I guess this is what happens if you don’t force kids to read books anymore.

Feels like a million years since Tom reviewed a PC game, and it ends up like this.

Well, it seems it wasn’t even a game!

I really dug Submerged, that was kind of a lark and the exploration was kind of fun. I had high hopes this might be interesting but then I caught a little bit of someone playing on Twitch and no, way too emo for me.

Second game I try with the Gamepass EA thingie.

Man, it’s this thing bad. Pretty to look at it, but very subpar gameplay combined with a sophomore effort in writing, that tries to deal with heavy subjects in an attempt to give validity to the game, but don’t have the nuance and subtlety for it. Ironically the thing that made me drop the game has been the writing, not the gameplay.

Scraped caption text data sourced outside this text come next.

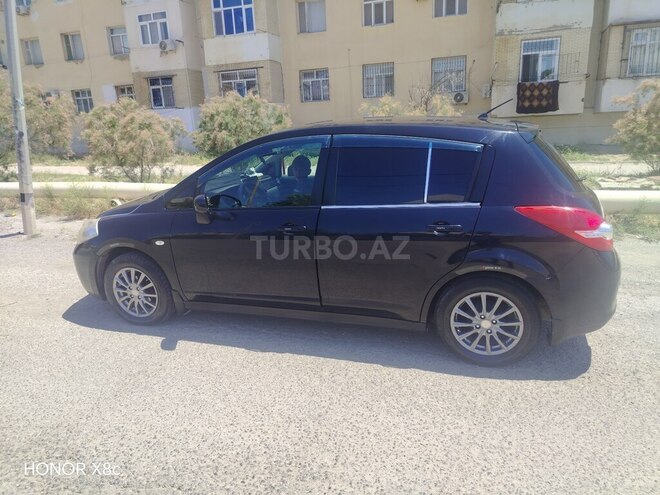 Nissan Tiida-5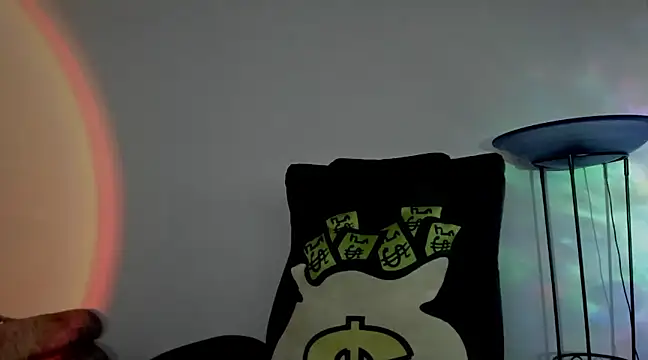 Mila  Paramo online show from 12.14.24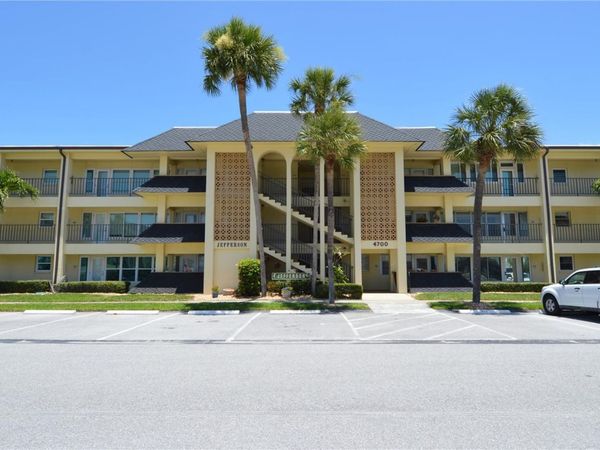 4700 COVE CIRCLE, Unit 107, ST PETERSBURG, FL 33708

At this point there is a entire subgenre of this kind of game, right? I mean, not of this quality, thanks god, I liked some of them!, but in general:
Artsy Indie game with pretty art style, kinda subpar or forgettable gameplay (when it isn’t directly a walking sim), and a somehow obscure/abstract story that ends up being (woah Neo.gif moment here) about Sad Real Life ™, usually some choice between bullying, mental illness, sexual assault, cancer, or romance break up. In some cases it’s more overt, in others it’s more hidden and symbolic.

We should make up a name for the subgenre.